▶ [Study material]
════

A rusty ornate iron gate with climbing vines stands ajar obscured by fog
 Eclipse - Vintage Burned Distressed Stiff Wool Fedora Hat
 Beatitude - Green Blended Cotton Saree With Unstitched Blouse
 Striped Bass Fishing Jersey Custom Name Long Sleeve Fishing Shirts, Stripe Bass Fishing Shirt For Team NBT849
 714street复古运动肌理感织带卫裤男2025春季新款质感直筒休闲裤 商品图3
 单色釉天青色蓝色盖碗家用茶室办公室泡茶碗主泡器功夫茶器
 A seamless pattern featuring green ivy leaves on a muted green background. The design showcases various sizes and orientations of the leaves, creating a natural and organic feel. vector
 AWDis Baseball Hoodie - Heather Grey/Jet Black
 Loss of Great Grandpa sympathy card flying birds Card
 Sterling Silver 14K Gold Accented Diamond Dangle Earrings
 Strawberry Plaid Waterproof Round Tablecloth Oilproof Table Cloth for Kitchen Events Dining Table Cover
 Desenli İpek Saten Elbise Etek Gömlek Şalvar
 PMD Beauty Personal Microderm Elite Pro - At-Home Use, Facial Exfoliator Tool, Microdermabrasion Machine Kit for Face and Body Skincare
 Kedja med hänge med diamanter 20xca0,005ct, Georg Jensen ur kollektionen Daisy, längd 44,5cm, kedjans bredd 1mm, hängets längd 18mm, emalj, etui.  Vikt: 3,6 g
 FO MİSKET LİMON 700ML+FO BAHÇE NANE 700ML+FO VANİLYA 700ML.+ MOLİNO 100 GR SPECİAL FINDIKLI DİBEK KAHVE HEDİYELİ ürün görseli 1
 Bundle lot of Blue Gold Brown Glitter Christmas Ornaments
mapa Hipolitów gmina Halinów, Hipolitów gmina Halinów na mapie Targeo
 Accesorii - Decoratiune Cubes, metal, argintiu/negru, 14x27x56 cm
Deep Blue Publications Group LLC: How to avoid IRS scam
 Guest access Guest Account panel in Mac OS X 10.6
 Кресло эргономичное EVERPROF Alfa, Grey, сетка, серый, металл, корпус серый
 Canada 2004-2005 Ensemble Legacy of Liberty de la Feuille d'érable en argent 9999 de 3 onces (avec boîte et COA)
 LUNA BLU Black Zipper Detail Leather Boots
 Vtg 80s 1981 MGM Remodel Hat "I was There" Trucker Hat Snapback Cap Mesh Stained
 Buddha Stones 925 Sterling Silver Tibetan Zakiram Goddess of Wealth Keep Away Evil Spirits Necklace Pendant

════

▶ [Required work]
When you transcribe the records above, keep every line exactly the same.

▶ [Exercise response]
A rusty ornate iron gate with climbing vines stands ajar obscured by fog
 Eclipse - Vintage Burned Distressed Stiff Wool Fedora Hat
 Beatitude - Green Blended Cotton Saree With Unstitched Blouse
 Striped Bass Fishing Jersey Custom Name Long Sleeve Fishing Shirts, Stripe Bass Fishing Shirt For Team NBT849
 714street复古运动肌理感织带卫裤男2025春季新款质感直筒休闲裤 商品图3
 单色釉天青色蓝色盖碗家用茶室办公室泡茶碗主泡器功夫茶器
 A seamless pattern featuring green ivy leaves on a muted green background. The design showcases various sizes and orientations of the leaves, creating a natural and organic feel. vector
 AWDis Baseball Hoodie - Heather Grey/Jet Black
 Loss of Great Grandpa sympathy card flying birds Card
 Sterling Silver 14K Gold Accented Diamond Dangle Earrings
 Strawberry Plaid Waterproof Round Tablecloth Oilproof Table Cloth for Kitchen Events Dining Table Cover
 Desenli İpek Saten Elbise Etek Gömlek Şalvar
 PMD Beauty Personal Microderm Elite Pro - At-Home Use, Facial Exfoliator Tool, Microdermabrasion Machine Kit for Face and Body Skincare
 Kedja med hänge med diamanter 20xca0,005ct, Georg Jensen ur kollektionen Daisy, längd 44,5cm, kedjans bredd 1mm, hängets längd 18mm, emalj, etui.  Vikt: 3,6 g
 FO MİSKET LİMON 700ML+FO BAHÇE NANE 700ML+FO VANİLYA 700ML.+ MOLİNO 100 GR SPECİAL FINDIKLI DİBEK KAHVE HEDİYELİ ürün görseli 1
 Bundle lot of Blue Gold Brown Glitter Christmas Ornaments
mapa Hipolitów gmina Halinów, Hipolitów gmina Halinów na mapie Targeo
 Accesorii - Decoratiune Cubes, metal, argintiu/negru, 14x27x56 cm
Deep Blue Publications Group LLC: How to avoid IRS scam
 Guest access Guest Account panel in Mac OS X 10.6
 Кресло эргономичное EVERPROF Alfa, Grey, сетка, серый, металл, корпус серый
 Canada 2004-2005 Ensemble Legacy of Liberty de la Feuille d'érable en argent 9999 de 3 onces (avec boîte et COA)
 LUNA BLU Black Zipper Detail Leather Boots
 Vtg 80s 1981 MGM Remodel Hat "I was There" Trucker Hat Snapback Cap Mesh Stained
 Buddha Stones 925 Sterling Silver Tibetan Zakiram Goddess of Wealth Keep Away Evil Spirits Necklace Pendant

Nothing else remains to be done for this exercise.